Monday, October 10, 2016

Mast Cell Tumor (Mastocytoma) in Dogs

Mast cells are cells that reside in the connective tissue, specifically those vessels and nerves closest to external surfaces such as the skin, lungs, nose and mouth. Their primary function includes defense against parasitic infestations, tissue repair and the formation of new blood vessels. They can also be associated with allergic reactions.

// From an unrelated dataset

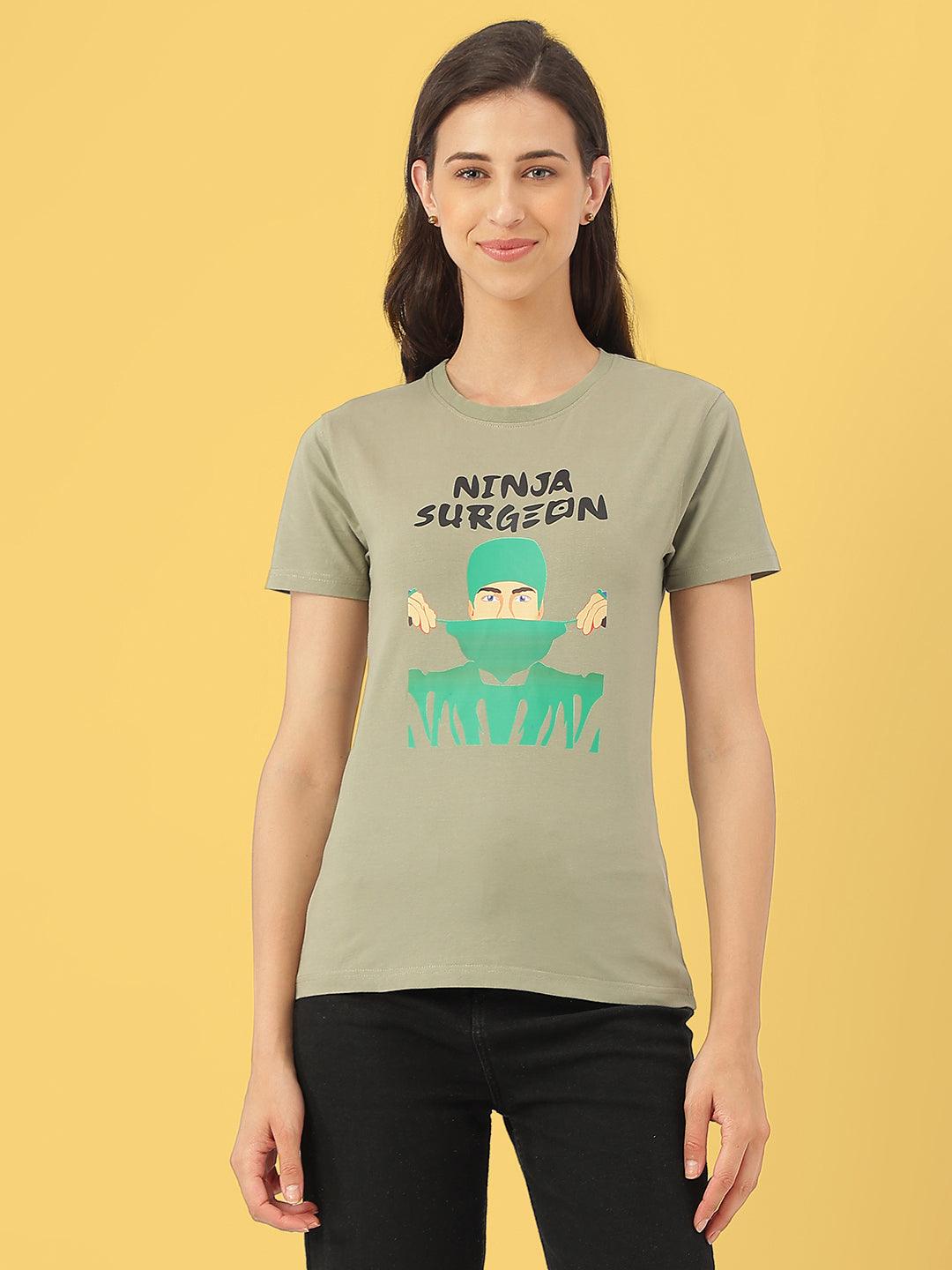 Ninja Surgeon- Womens T-Shirt - TheMedfa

Mast cell tumors (mastocytomas) in dogs are graded according to their location in the skin, their presence of inflammation and how well they are differentiated.
  • Grade 1 cells - well differentiated with low potential for metastasis.
  • Grade 2 cells - intermediately differentiated with potential for locally invasive metastasis.
  • Grade 3 cells - poorly differentiated or undifferentiated with high potential for metastasis.
There are four stages of the disease which includes:
  • Stage 1 - single tumor, no metastasis.
  • Stage 2 - single tumor with metastasis into the surrounding lymph nodes.
  • Stage 3 - multiple skin tumors, or a large tumor that has invaded subcutaneously.
  • Stage 4 - presence of a tumor, with metastasis to an organ or widespread mast cell presence in blood.
The image below of a canine mast cell tumor was captured with a biological microscope using the Lumenera Infinity 2-2 microscopy camera. The prepared slide was stained with a toluidine blue stain.

Mastocytoma dog tumor under the microscope.
Canine Mast Cell Tumor with Toluidine Blue Staining (C) Lumenera

For more information on microscopes or microscopy cameras, contact Microscope World.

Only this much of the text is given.